Because the numbers of missing people of color are so large, how do we tell these stories without the numbers overwhelming people, without them being made callous by the statistics?
Well, I haven’t gotten there yet. This has been something that I’ve read about a lot, and I think about a lot. At the end of the day, my philosophy is: Do the next right thing.
America has never grown numb to any missing white lady. I’m a woman. I’m very aware of what happens to women. I don’t even run outside because I’m afraid somebody’s going to grab me. So I know that there’s a lot of risk in being a woman in America. And God bless every single one of those white ladies who were found, but America’s not numb to that. Every time a white lady goes missing, you hear about it and see it everywhere 24/7. So I don’t know how to say that, but I do the next right thing. If we can do right by one family, if we can help to find one person, that’s the next right thing.
There seems to be a need for special attention placed on Indigenous women and the lack of attention that they’ve gotten, even within this conversation. Would you agree?
Absolutely. Missing Native American women — there are hundreds of those cases. Poverty is one factor, but there’s also the places where they live; the reservations have a different type of police enforcement. And again, they found this missing young white lady in six days. There have been several hundred people missing in Wyoming — many Native American women — and they haven’t been found.

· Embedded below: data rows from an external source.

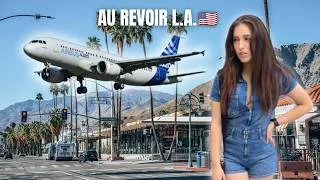 Miniature : Dernières heures à Los Angeles… avant le retour en France 🇺🇸✈️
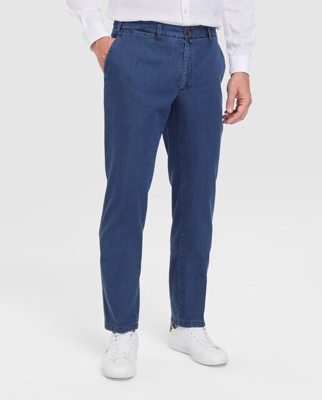 Barbour - Vaquero De Hombre Regular Azul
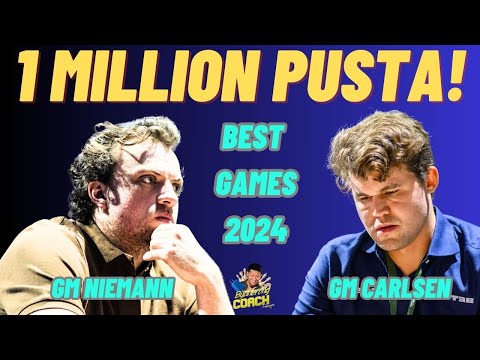 HINAMON NG 1 MILLION $ NA PUSTAHAN SI MAGNUS! MVL vs Nepo! Best Games  of 2024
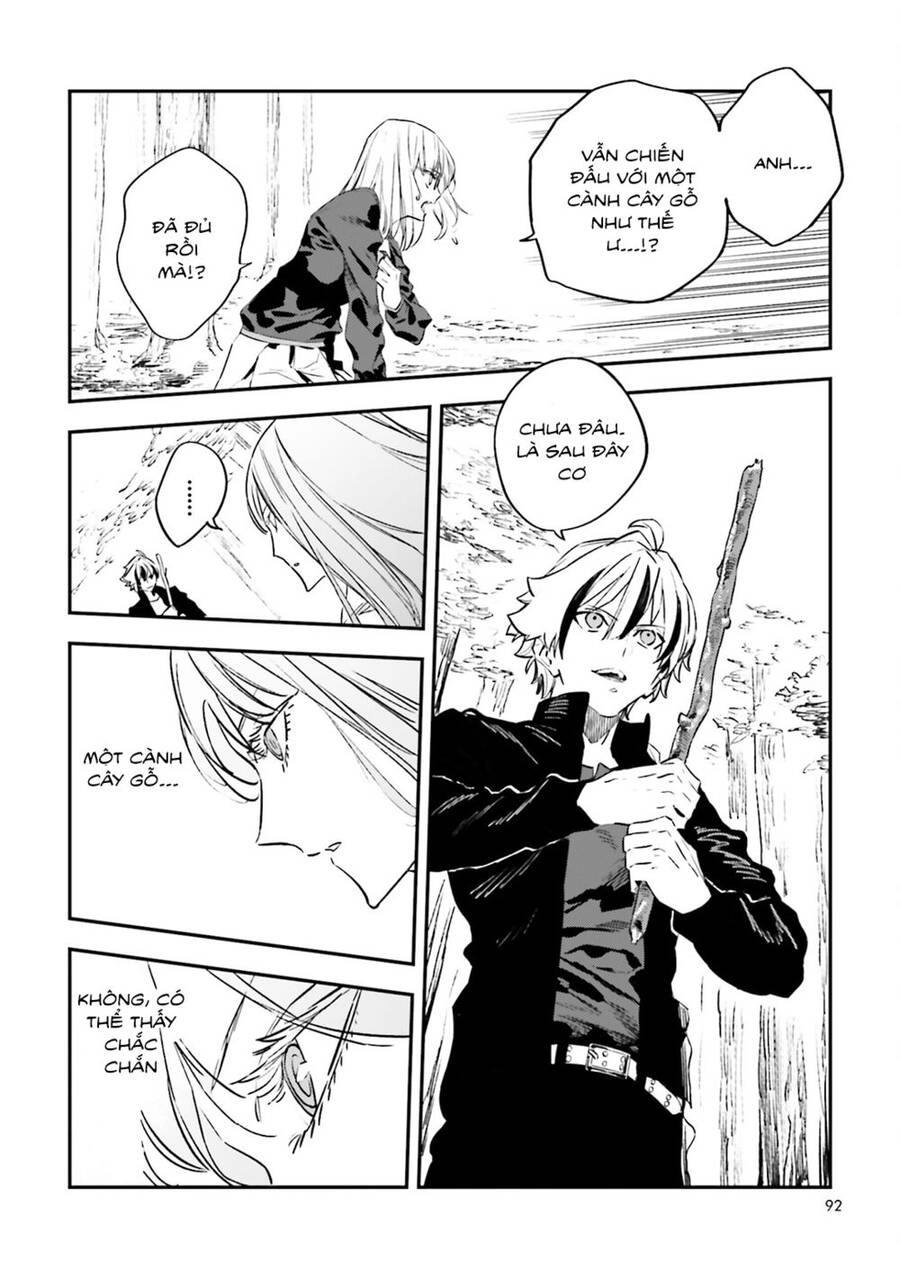 Fate/Strange Fake Chapter 27 - 32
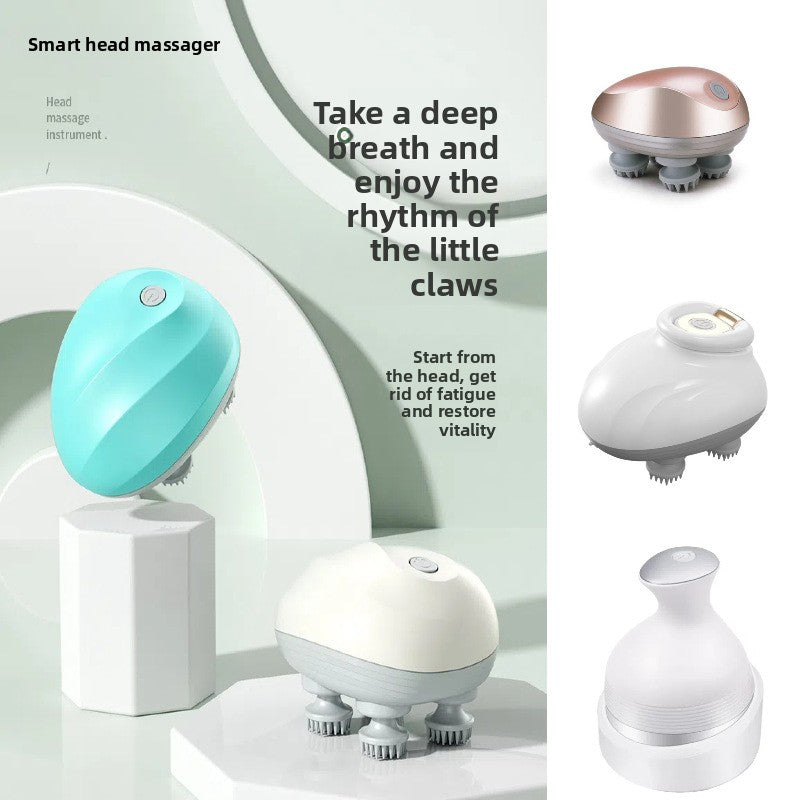 Electric Scalp & Head Massager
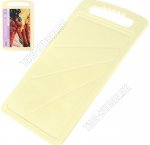 Доска разделочная, вырубная ручка (28х17см толщ.0,5см) (50) 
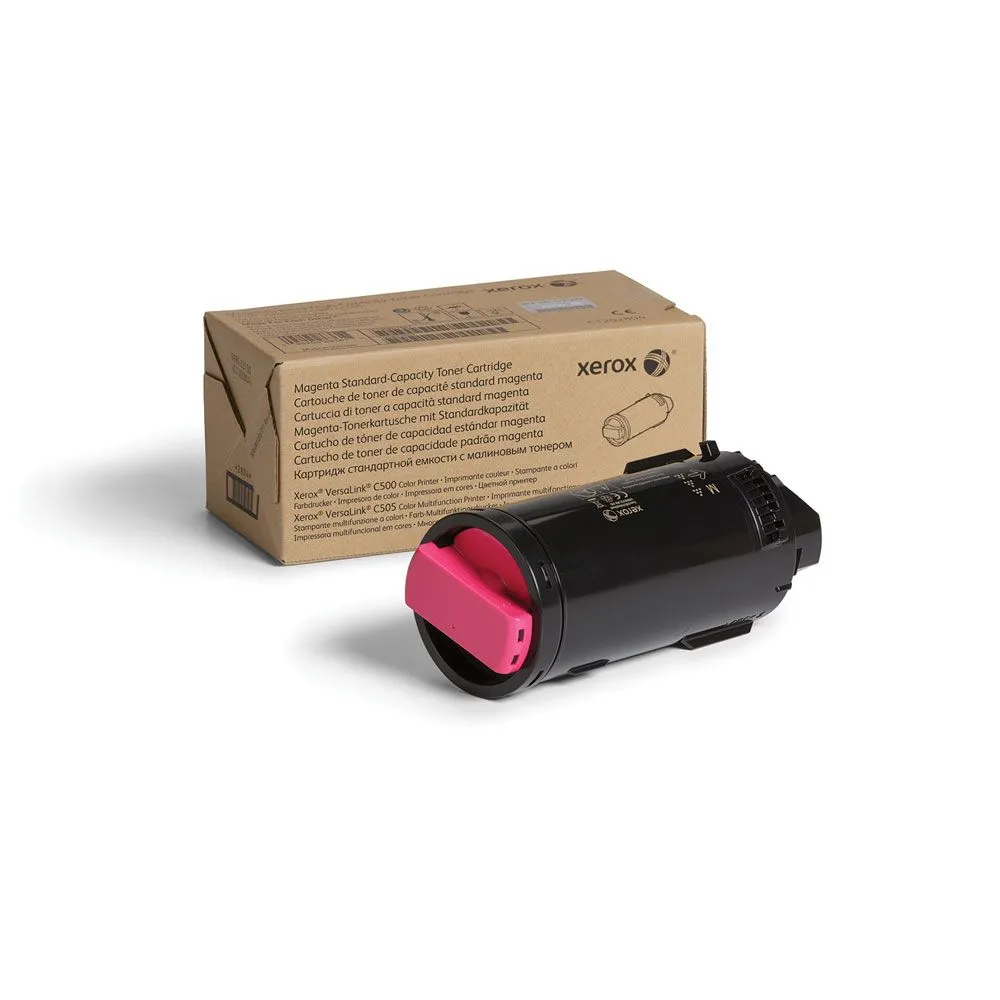 Xerox MAGENTA -METERED F/VLC500/VLC505 toner cartridge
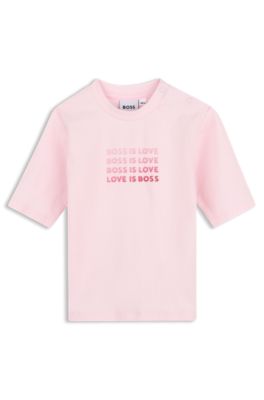 Gift-boxed set for babies, Pink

That alone tells you, theirs is a completely special case within the whole nature of this conversation about missing people.
As you just mentioned, there are often other larger issues and societal patterns like poverty that intersect with the cases of the missing. Are you hoping to create a deeper, engaged discussion on the intersections of, say, domestic violence, foster care and sex-workers rights?
That’s very important. Look at the police’s resistance to opening a case for a sex worker. Their sex work shouldn’t matter because that sex worker is a person, regardless of their profession. That absolutely needs to be discussed — poverty, homelessness, there are a lot of factors. It’s not only race and gender, but there are a lot of people that society doesn’t think or believe they’re worth looking for.
Are there any sources or websites that you don’t allow people to use on the subreddit?
There’s one particular source that we never like: the British tabloids. I have a problem with them. If you read the tabloids, everything is always distorted from a very far right angle. We normally post mainstream, middle-of-the-road stuff, like the Washington Post, New York Times and NBC. Media that can be verified and embedded. Like the Daily Mail, I wouldn’t really go there — those tabloids are like, ‘This person is missing, even though they had a DUI 10 years ago.’ They investigate the victim. Like, ‘She didn’t stop at a stop sign so maybe it’s an indication of why she’s missing.’
What? If you read the tabloids, if it’s a person of color, they’re going to look for the note the teacher sent 10 years ago. It’s crazy.
Let’s say it’s five years from now, and you’re looking back at what you’ve done, what would make you feel proud of your effort?
Again, this effort is an effort by a lot of people. For me, the main thing is that we want to create a space for these families, for these missing people. And I hope that it becomes a part of mainstream America. I know that’s a huge task. But I hope to create awareness, I hope people will look for people of color because our lives matter, our families lives matter.